Employers are required to pay wages when an employee is suffered or permitted to work. (According to the Department of Labor, “’Suffer’ or ‘permit to work’ means that if an employer requires or allows employees to work they are employed and the time spent is probably hours worked.”)
So, even if Doug volunteers, you know he’s working and thus he should be compensated. And the fact he loves the company today doesn’t mean he won’t sue you tomorrow after he gets a bad review or needs some extra money.
Further, be wary of smartphones. They add an additional level of compensation complications because any significant time spent checking or responding to emails or messages is likely compensable.

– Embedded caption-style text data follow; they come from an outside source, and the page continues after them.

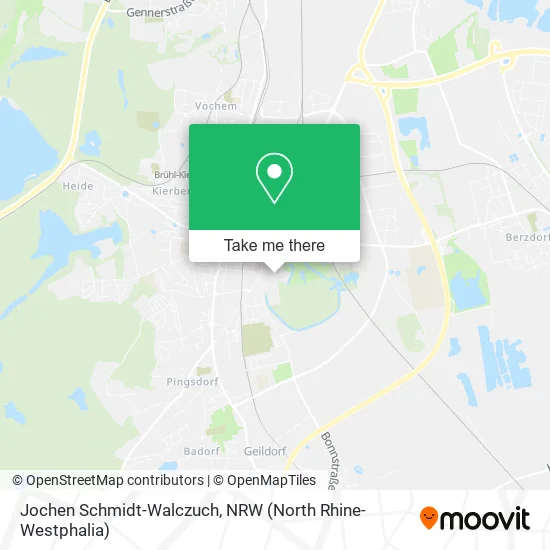 Карта Jochen Schmidt-Walczuch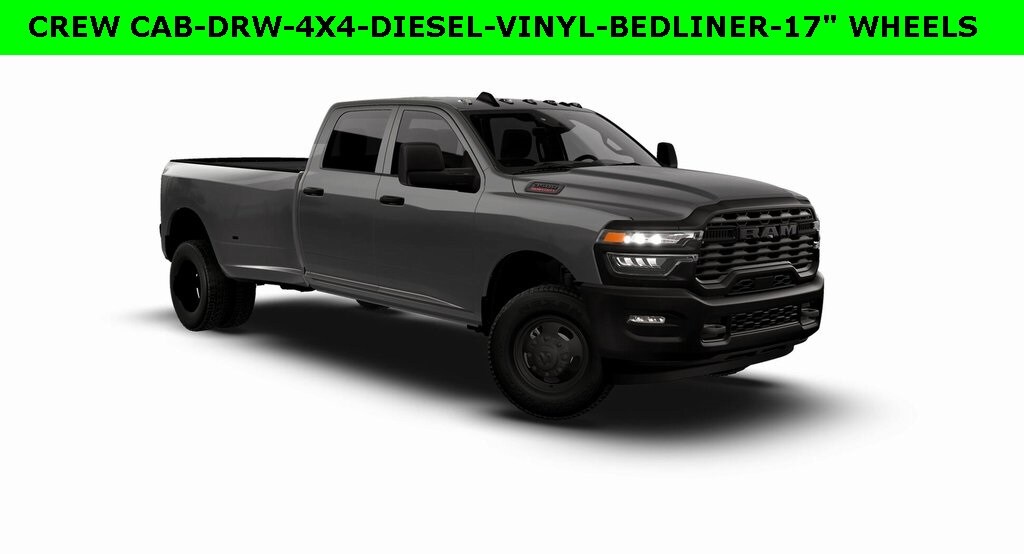 New 2026 Ram 3500 TRADESMAN CREW CAB 4X4 8' BOX Pickup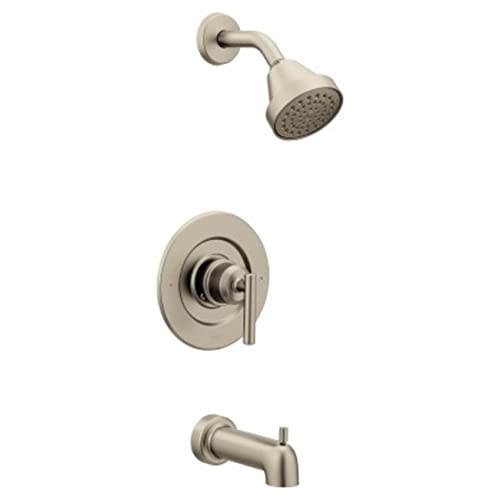 Moen Gibson Tub and Shower Trim Kit 1.75 GPM in Brushed Nickel - T2903EPBN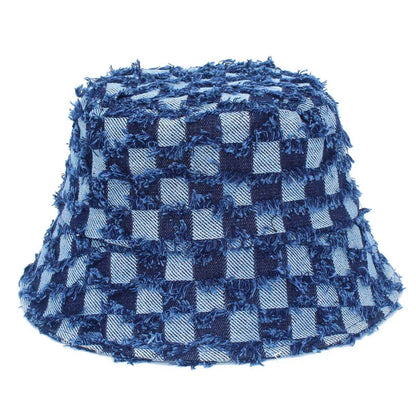 Chapeau de plage avec protection UV, couleur unie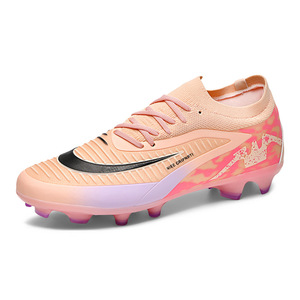 Zapatos de Fútbol de Nuevo Estilo, Moda Transfronteriza, para Hombre y Mujer, Jóvenes y Estudiantes, con Tacos TF, Tacos Largos AG, para Césped - Product Image 2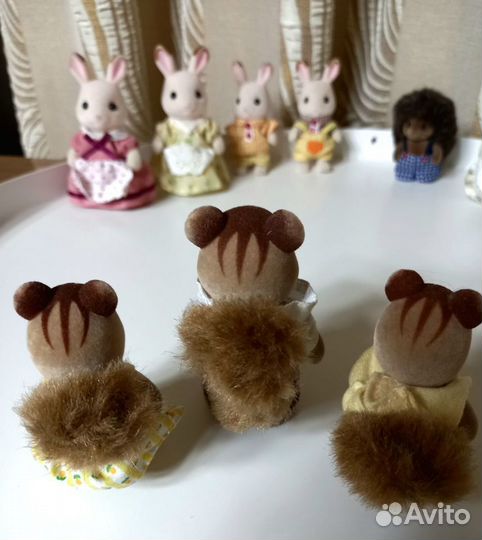 Sylvanian families зверята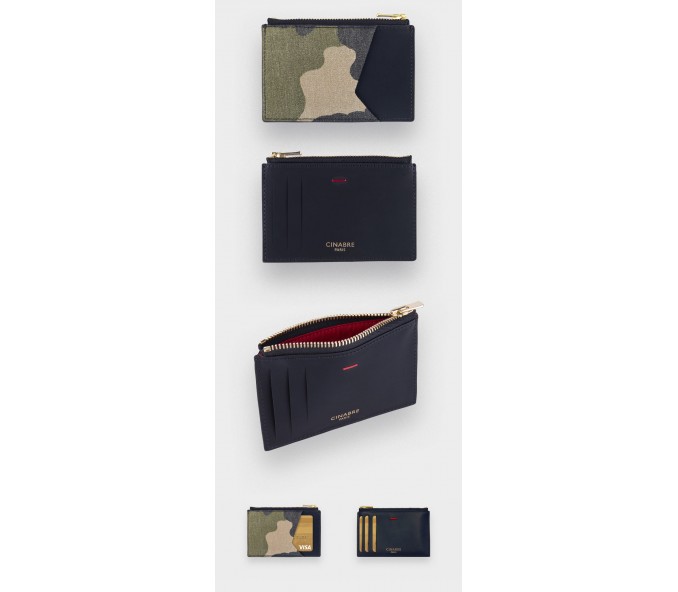 Cinabre Porte Cartes Opex Camo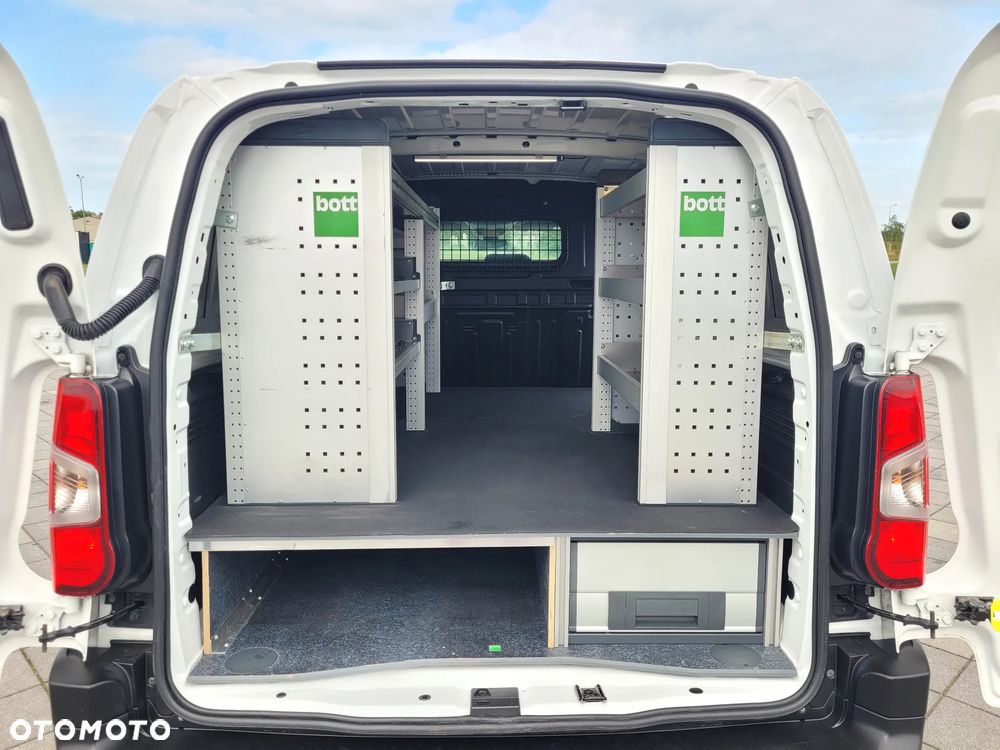 Peugeot Partner LONG KLIMA KAMERA NAVI WEBASTO TEMPOMAT FV23% - 10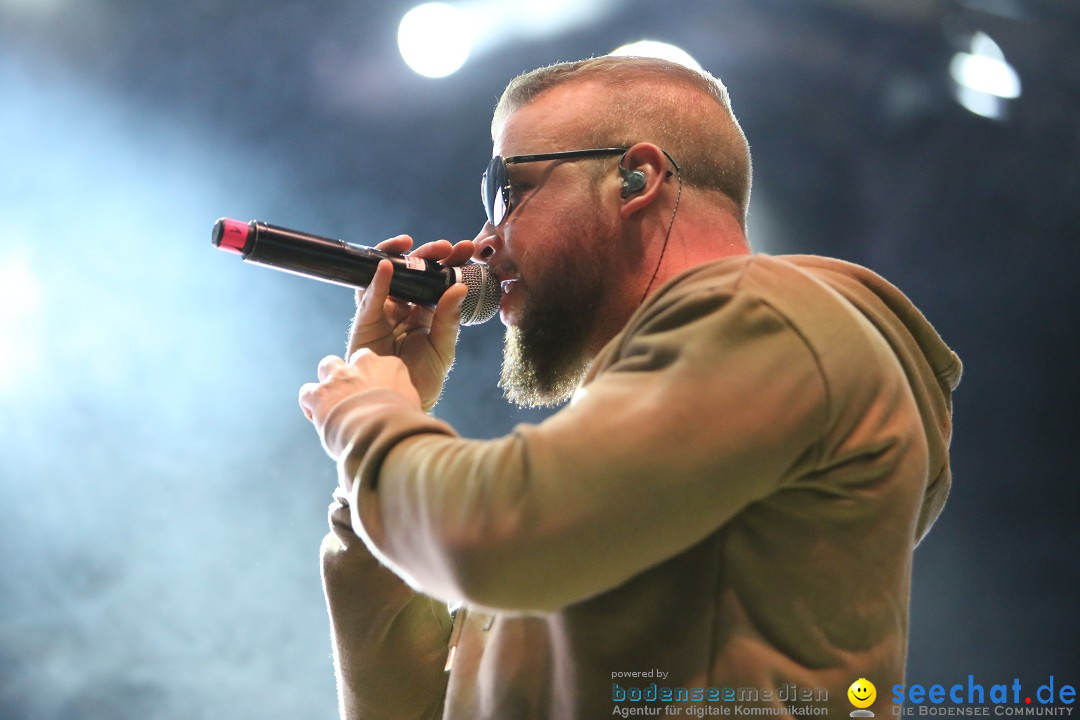 Kollegah mit Ali As - Imperator Tour: Ravensburg am Bodensee, 09.04.2017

3. Are You Keeping the Required Records?
Not only do you need to pay employees properly, you need to maintain records showing you did so. Time records should be accurate to at least the closest 15-minute interval, though exact recording of time is better. If you round any time worked, then that rounding shouldn’t always be in the employer’s favor.
I also recommend you retain your payroll records for at least three years, whether you do so electronically or in a hardcopy. Finally, make sure that posters regarding FLSA and other state and federal regulations are posted properly and updated regularly.
It is important to remember that state law can add additional requirements you also need to follow. State laws often set a higher minimum wage and dictate how often employees are paid, what deductions can be taken, and how to deal with payment of accrued vacation at an employee’s termination or resignation.
Performing internal classification audits may not be on your list of priorities, but you should assess your workforce on a regular basis to ensure your employee classifications remain accurate. It is particularly important to do an audit if you undergo any reorganization or when the FLSA regulations change significantly. And significant changes are coming soon.
The Department of Labor is currently updating the requirements for the executive, administrative and professional exemptions, which may roll out as soon as 2016. The DOL’s proposed rules suggest more than doubling the current required exempt salary threshold of $23,660, which will have enormous implications for employers. At minimum, you will need to evaluate and update job descriptions, time keeping systems, payroll records and policies.
While FLSA issues are complex, if you keep these considerations in mind you will be well on your way to ensuring FLSA compliance.